If you remember nothing else from this pattern, remember: GCP operators in Airflow let you automate Google Cloud tasks easily by wrapping complex API calls into simple tasks.

Common Mistakes
Not setting the correct Google Cloud connection in Airflow before running GCP operators.
The operators need credentials to access GCP services; without a proper connection, tasks will fail with authentication errors.
Create and configure a Google Cloud connection in Airflow UI or via CLI with the right service account credentials before running the DAG.
Using legacy SQL syntax in BigQuery queries without setting 'useLegacySql' to False.
BigQuery defaults to legacy SQL which may cause query errors if standard SQL syntax is used.
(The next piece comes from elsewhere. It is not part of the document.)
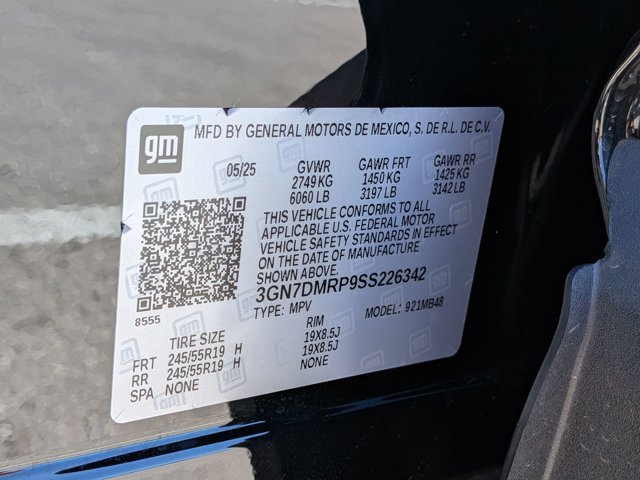 Used 2025 Chevrolet Equinox EV LT image 25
Always set 'useLegacySql': False in the BigQueryInsertJobOperator configuration when using standard SQL.
Not specifying the correct location for Dataflow jobs or BigQuery queries.
GCP services require location to route requests; missing or wrong location causes job failures.
Set the 'location' parameter correctly matching your GCP resources region.
Summary
Use GCP operators in Airflow to automate tasks with BigQuery, Cloud Storage, and Dataflow.
Define a DAG with tasks that list GCS files, run BigQuery queries, and start Dataflow jobs.
Trigger and test the DAG using Airflow CLI commands to verify the workflow.